Le pape a le mérite de définir "les nouvelles situations intervenues" (comme disait le Cardinal Casaroli) : une société caractérisée par la libre compétition des idées et le pluralisme...", qui doivent favoriser "la profonde unité d'idéaux" des italiens, "frères dans une même patrie" ; ajoutant que "précisément, la forme de gouvernement démocratique que s'est donnée l'Italie offre l'espace et postule la présence de tous les croyants".(entendons : de toutes les religions) Le pape définit de plus la mission actuelle de l'Église : promotion des valeurs sociales, des "valeurs morales", "engagement au service de l'homme, repérant dans la centralité de celui-ci le principe de convergence à l'époque actuelle des croyants et des non-croyants".

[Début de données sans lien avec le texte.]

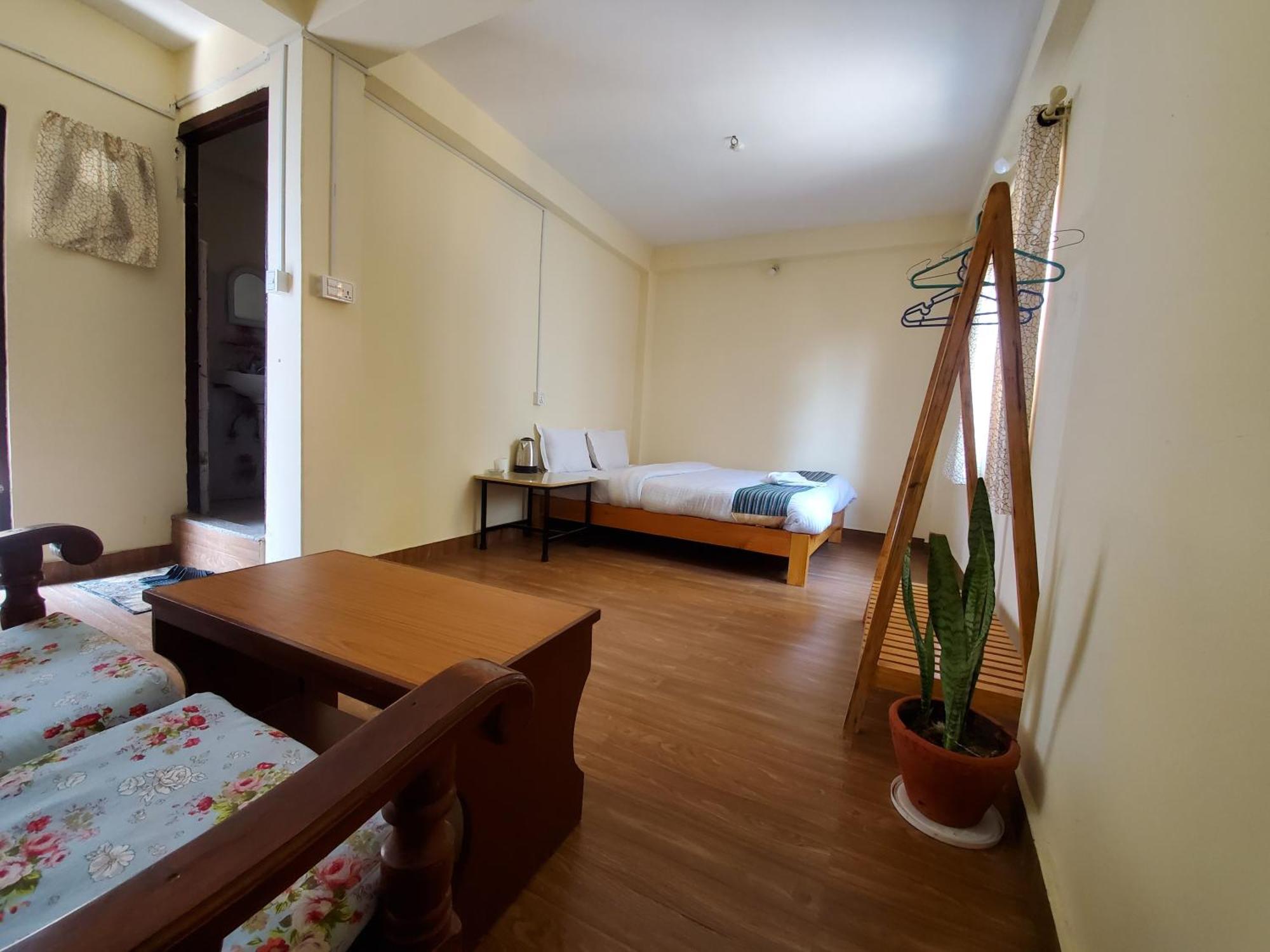 Santoshi Guest House, Pokhara Kültér fotó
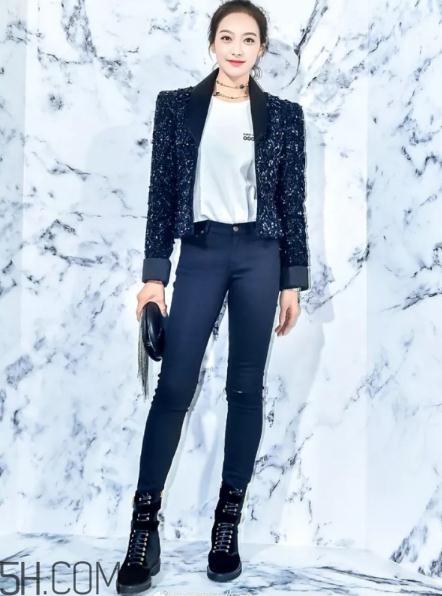 马丁靴怎么搭配好看？这样穿马丁靴居然这么显高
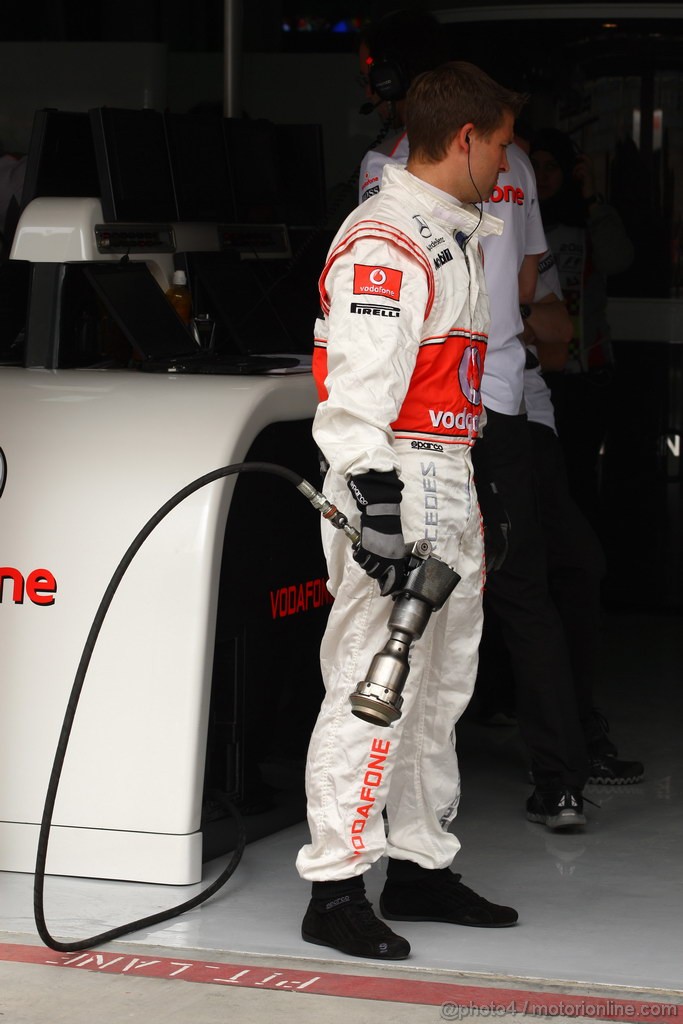 GP BAHRAIN, 22.04.2012- Gara, Mechanic Mclaren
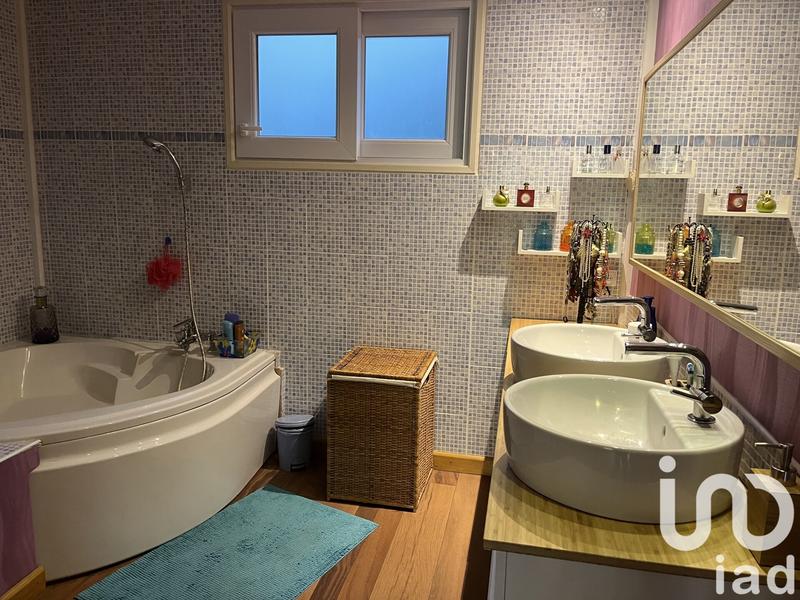 Châlet - 176 m² - 7 pièces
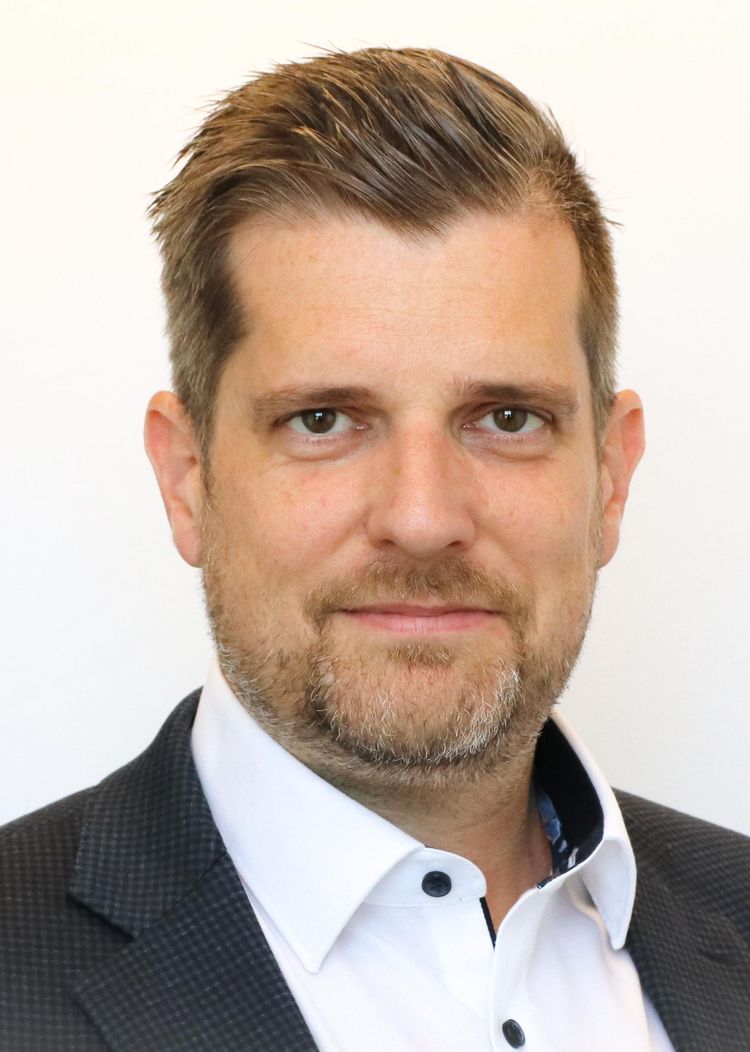 Dr. rer. nat. Martin Adam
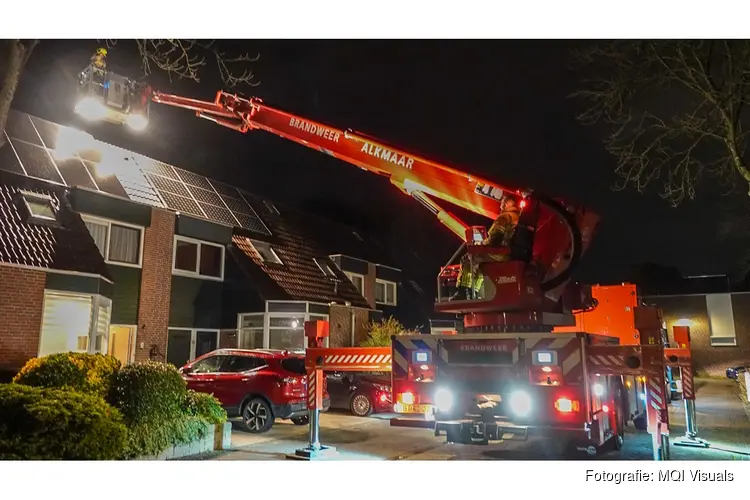 Brand in schoorsteen van woning aan Ilpenwaard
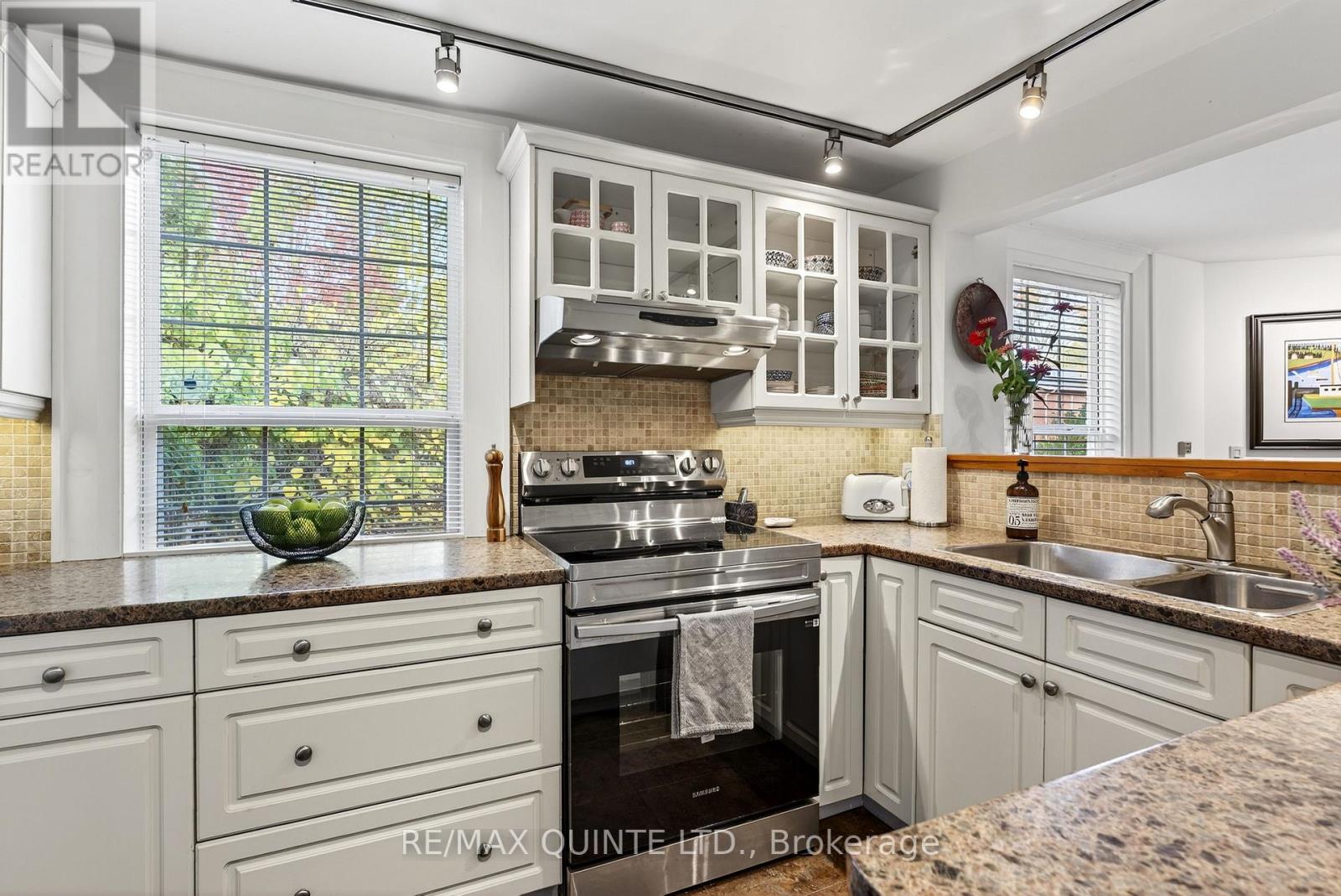 15 Talbot Street, Prince Edward County, Ontario  K0K 2T0 - Photo 14 - X12487356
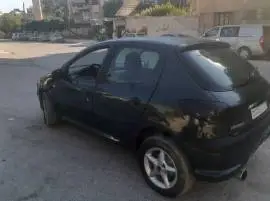 بيجو 206 2005, حلب, RF32037792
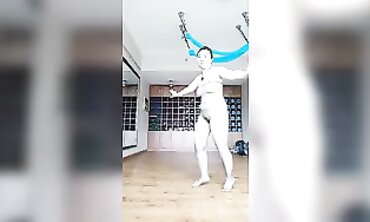 柏欣彤广场舞：成熟风韵的迷人舞姿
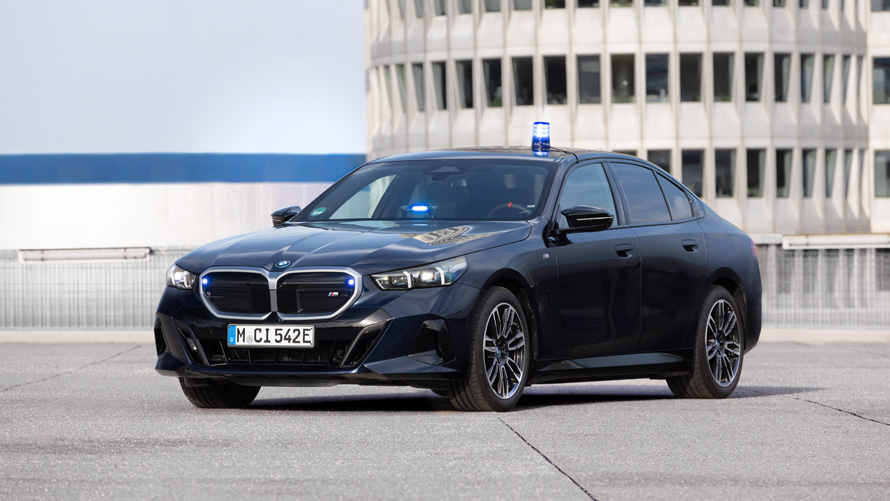 BMW serije 5 Touring G31LCI policijsko vozilo BMW serije 5 Touring G31LCI policijsko vozilo 1/3 pogled sprijeda u tunelu u vožnji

Il invoque enfin "l'autonomie de l'ordre politique", désignant par là la séparation entre l'Église et l'Etat.
Remarques :
Le pluralisme idéologique et religieux est décrit en termes parfaitement neutres en donnant à penser qu'il s'agit d'un phénomène définitivement installé et irréversible ; on ne porte sur lui aucun jugement, comme si c'était le terme d'un mouvement parfaitement normal auquel l’Église se devait de collaborer.
Veut-on ignorer que l'on a prêté ainsi depuis vingt ans la main à la révolution et au renversement du Règne social du Christ, remplacé par une fraternité entre idéaux diamétralement opposés, condamnée par les papes, et d'inspiration maçonnique ?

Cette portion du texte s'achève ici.